Over and above, segregation, an evil that had to be eradicated compulsorily, was still highly practiced in schools and black students still suffer the unfortunate fate of the same. For example, many southern black schools lack basic school necessities like libraries, running water and electricity due to lack of funding. There was no guidance provided by the Supreme Court on how to implement desegregation, further discussions, however, arrived at a decision that tasked local federal judges with the supervision of school desegregation on a racially nondiscriminatory basis with all deliberate speed (Muller 2011). This came to be known as brown II, which was the plan of the Supreme Court published a year later after the Brown’s decision.
Although Clayborn Carson is right on many counts, I strongly disagree with his opinion that the Brown case did not work. This is because many African Americans are now able to apply and get into colleges of their own choice, something that did not happen before the browns’ case. Moreover, today white and black students can study together peacefully, as compared to the previous times when whites did not get along with the blacks completely. Students feel more secure and less threatened by coming together regardless of their race. Where there is still room for more improvements in the struggle for desegregation, I acknowledge that the Brown’s case did bring change.

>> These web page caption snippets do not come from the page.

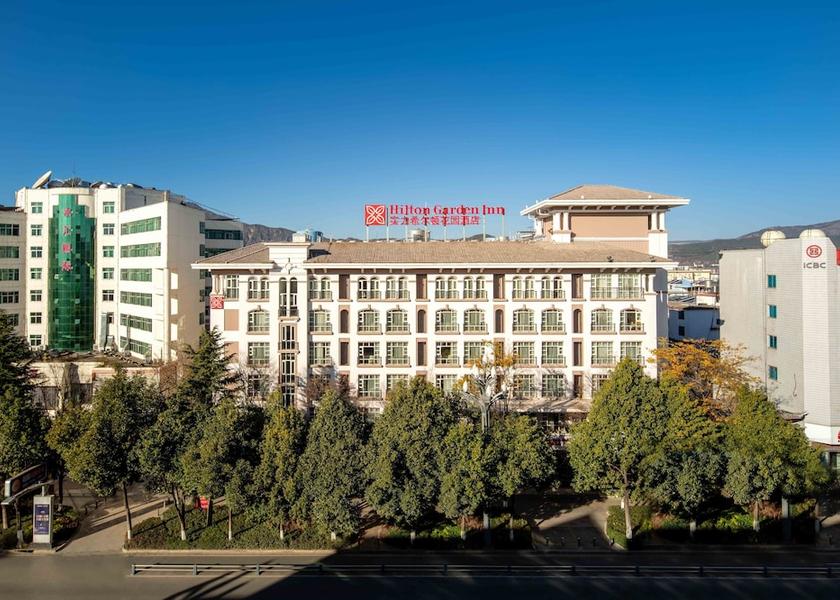 Yunnan Lijiang Exterior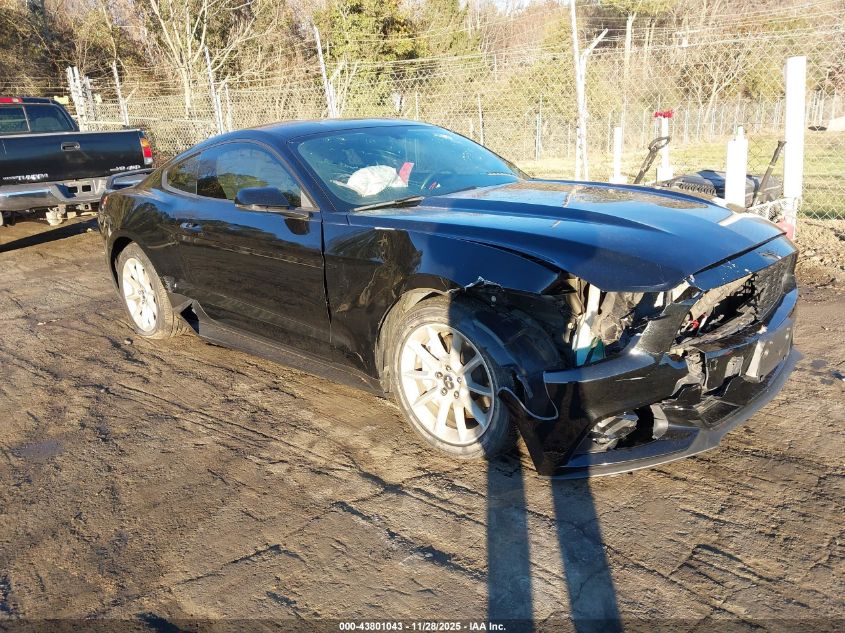 FORD MUSTANG ECOBOOST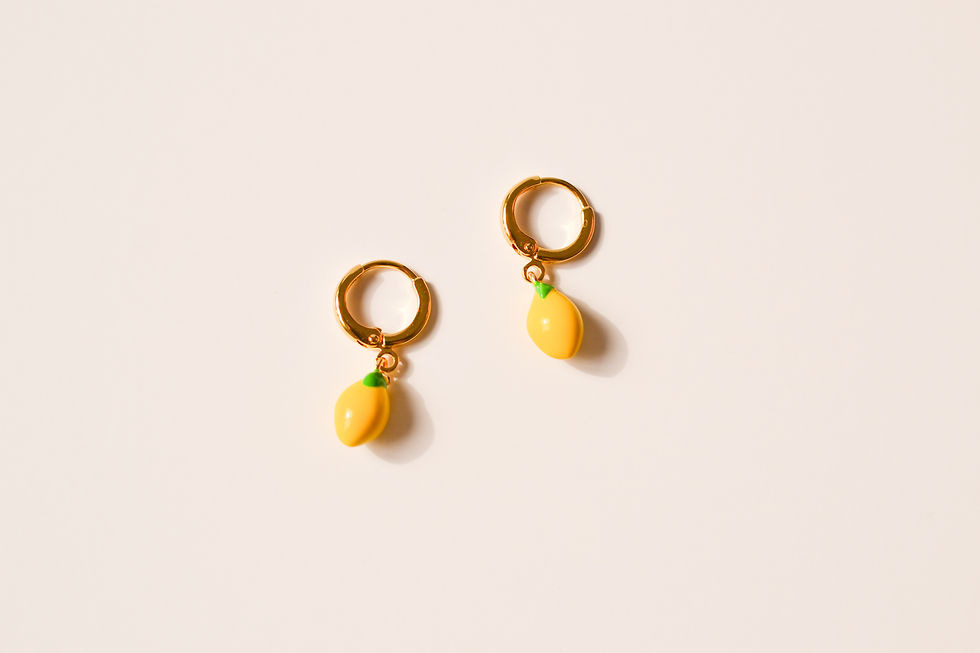 Thumbnail: Tea With Lemon Hoops
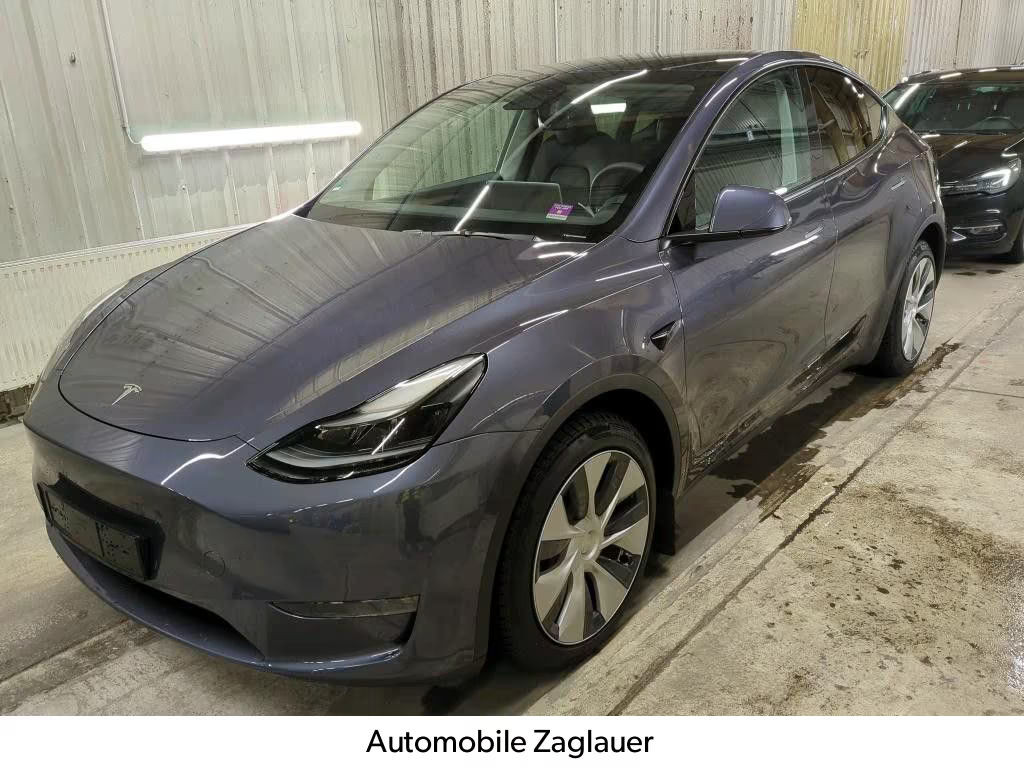 Tesla Model Y Long Range Dual Motor AWD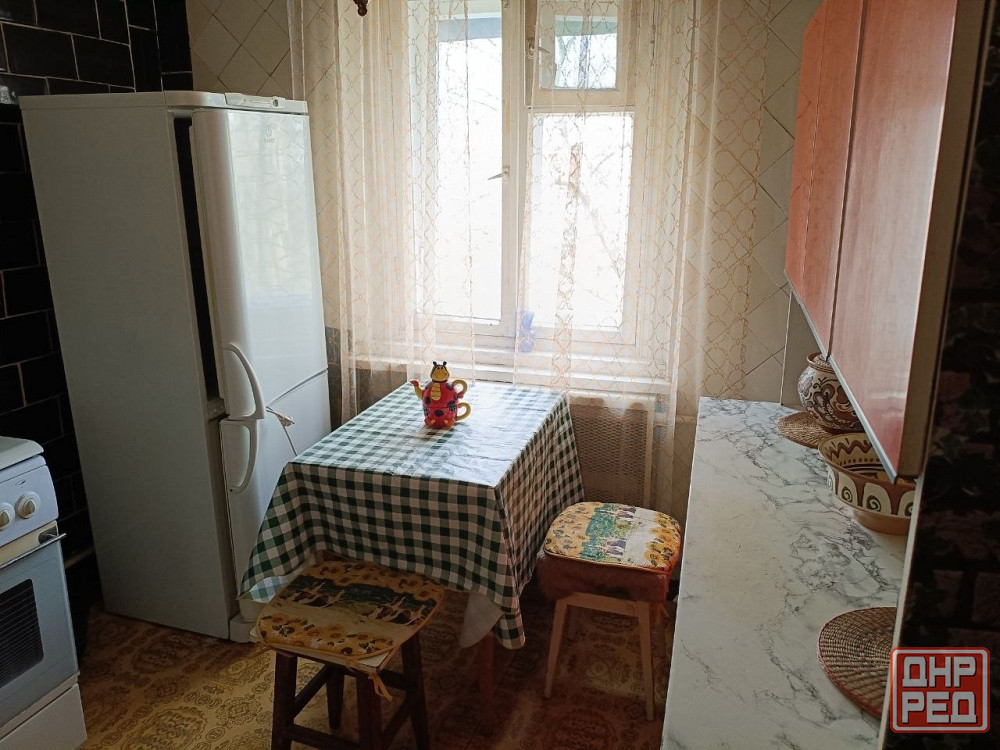 Калининский рынок, 1к. кв-ра, б-р Шевченко Донецк - изображение 2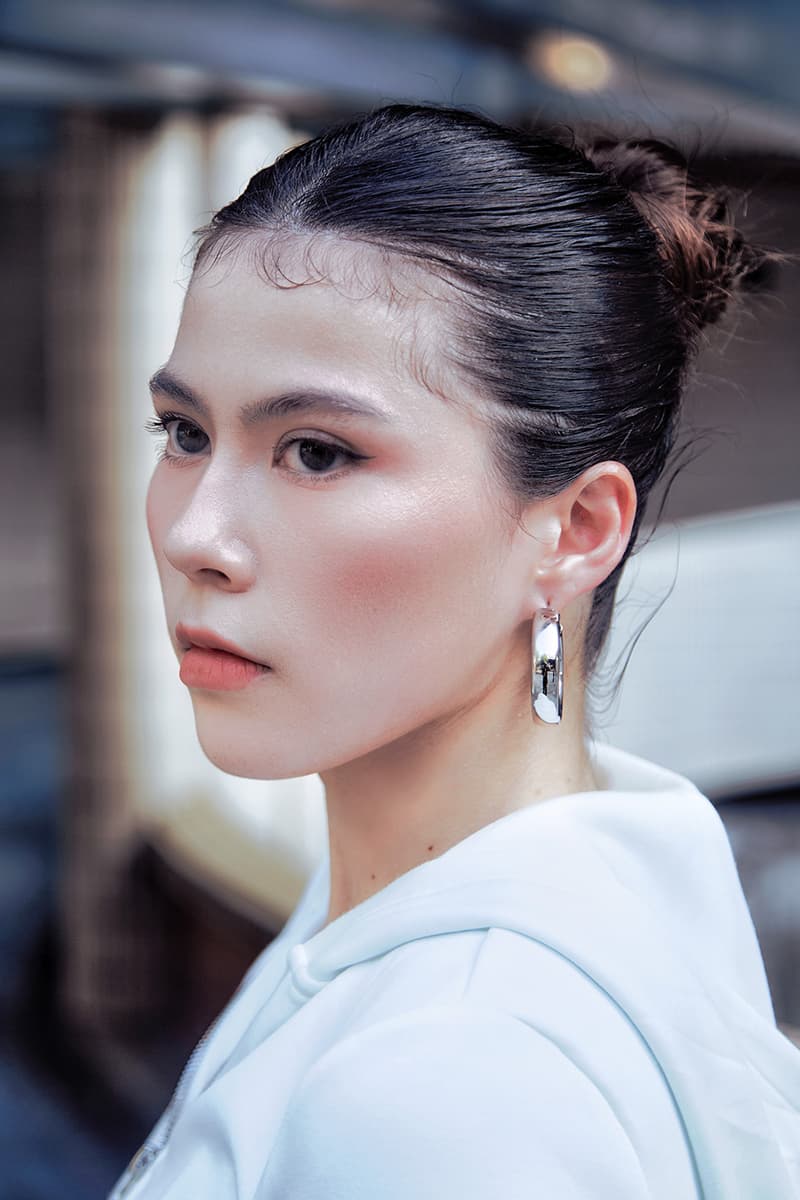 STREETSNAPS: Jharna「讓生活炸點音樂」Ft. ASICS 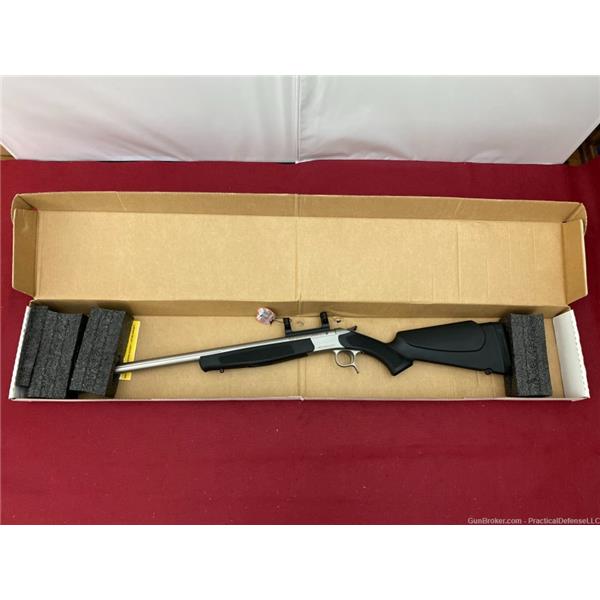 SCOUT V2 TD Connecticut Valley Arms / CVA New Scout Takedown .45-70 Govt 25" Stainless Threaded Barrel CR4806S 043125948062 25 inch " barrel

Brown’s decision greatly shaped the trajectory of African American history. Although it would take many more years for the desegregation of the public school system to be attained, the Brown’s decision was responsible for getting the process underway. It was truly significant, seeing as it overturned the separate but equal doctrine as established by the Plessy decision; moreover, the decision energized the Civil Rights Movement in the 1950s and in the 1960s. Nevertheless, years later after the browns’ decisions, quite a good number of black American students still attend schools that are predominantly black, with limited opportunities for academic advancement compared to the predominantly white schools. However, it is important to recognize that education is the basic requirement of any child regardless of their race, and as such, the government has played its role relative to the provision of equal opportunities to every student.
Reference
Muller, G. H. (2011). The McGraw-Hill reader: Issues across the disciplines . New York: McGraw-Hill.